Mac, thank you for such a positive expression of your experience so far. So many people in life just want to complain when things go wrong, or when they "perceive" they go wrong. It's members like you that make the rest of us have hope that we really can have something special here. 



woodtickgreg said:


> Oh it's so addictive, I start my day here in the am with coffee checking to see what my friends have been up to while I was away. I check it again when I get home from work, and then again before I go to bed. All the while getting an education, feeling inspired, awed by the beauty and creativity, humbled by the masters and honered to help others, and maybe get a few laughs too.

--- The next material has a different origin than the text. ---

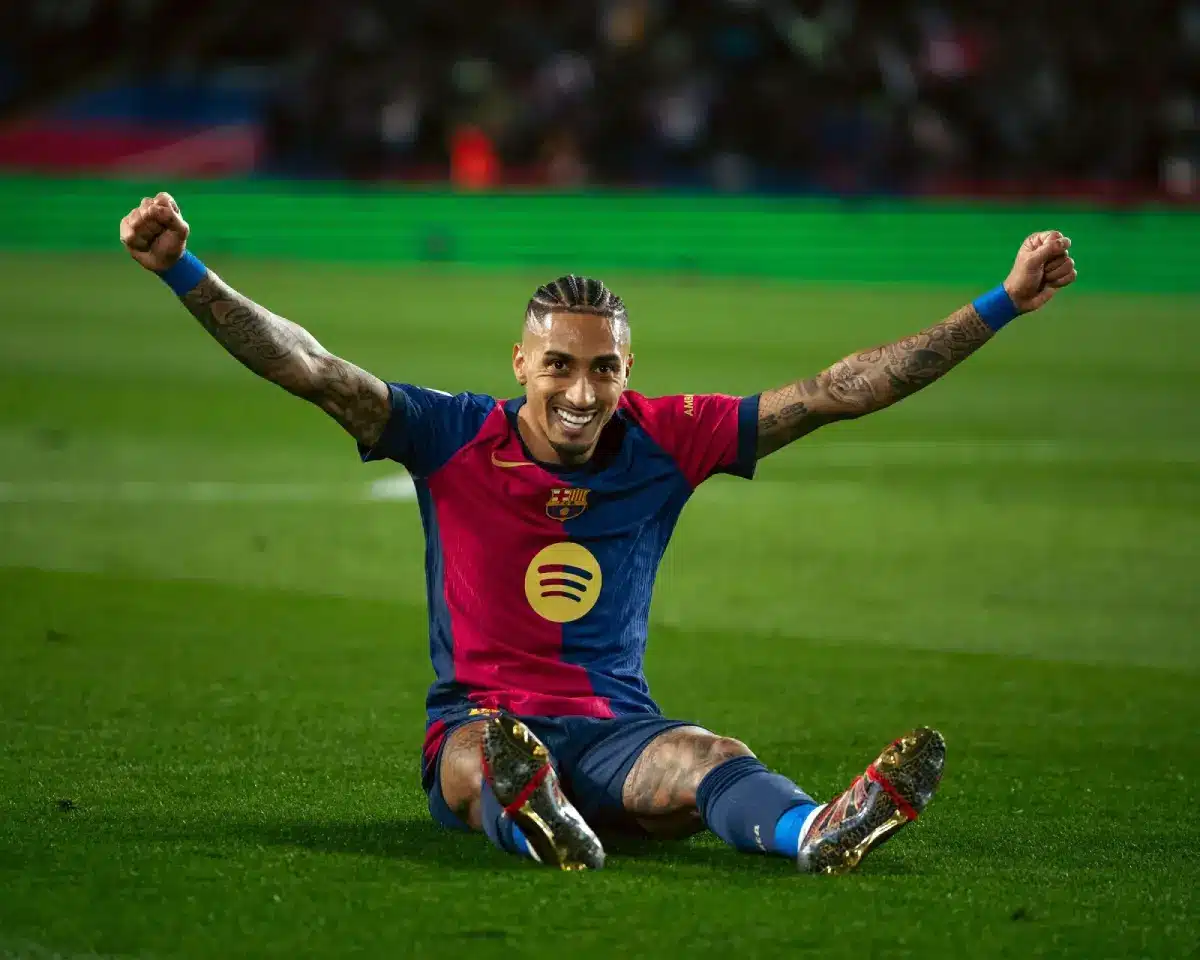Raphinha of Barcelona celebrates his goal during the La Liga football match between FC Barcelona and Valencia CF
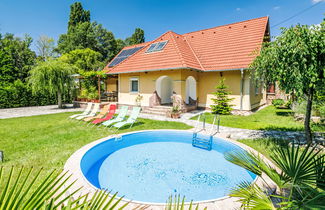 Photo 1 - Maison de 4 chambres à Ábrahámhegy avec piscine privée et jardin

Like my shop and the drone of a chainsaw, it's my happy place.



That was very humbling Greg. I think all of us regulars feel the same way. I love the way you compared it to _"...my shop and the drone of a chainsaw, it's my happy place."_ I've actually been catching a little hell for this site recently. I'm happy when I see posts like this. Thank you too Greg for your many contributions.


----------



## CodyS (Jan 27, 2012)




----------



## woodtickgreg (Jan 27, 2012)

[/quote]

I've actually been catching a little hell for this site recently. 
[/quote]

I was thinking about this statement today kevin while I was at work and it bothered me. I was wondering from who? I can't understand why anyone would give you a hard time about this site when it benafits so many and you have so many supporters.


----------



## Kevin (Jan 27, 2012)

Don't let it bug you Greg. I shouldn't have even menitoned it, it's not worth repeating. 


.


----------



## woodtickgreg (Jan 27, 2012)

Kevin said:


> Don't let it bug you Greg. I shouldn't have even menitoned it, it's not worth repeating.
> 
> 
> .


Understood kevin, that right there tells me it's nothing major, and that's a relief. For all the great things you have done with this site for all of us to enjoy I didn't want to see you endure any kind of hardship. and I'm sure we would all be here for you in whatever capacity we could if need be.


----------



## Mike1950 (Jan 28, 2012)

I agree with Greg, Thanks Kevin and all that dedicate their precious time so we can have this great group. We all share the same passion in different ways...........


----------



## Mac (Feb 2, 2012)

:wacko1: gee whiz(not the spray cheese) there is alot to see here. Think I am learning how to get around, then i find another level (hmmm....wonder if I left mine out in the rain ). I can tell now that this place is like a recreational drug of some kind. Iam hooked!!!!! glad to know that saving every little scrap of wood(cause it looks neat or smells good) is normal in this rehab center.


----------



## Kevin (Feb 2, 2012)

Mac said:


> ... glad to know that saving every little scrap of wood(cause it looks neat or smells good) is normal in this rehab center.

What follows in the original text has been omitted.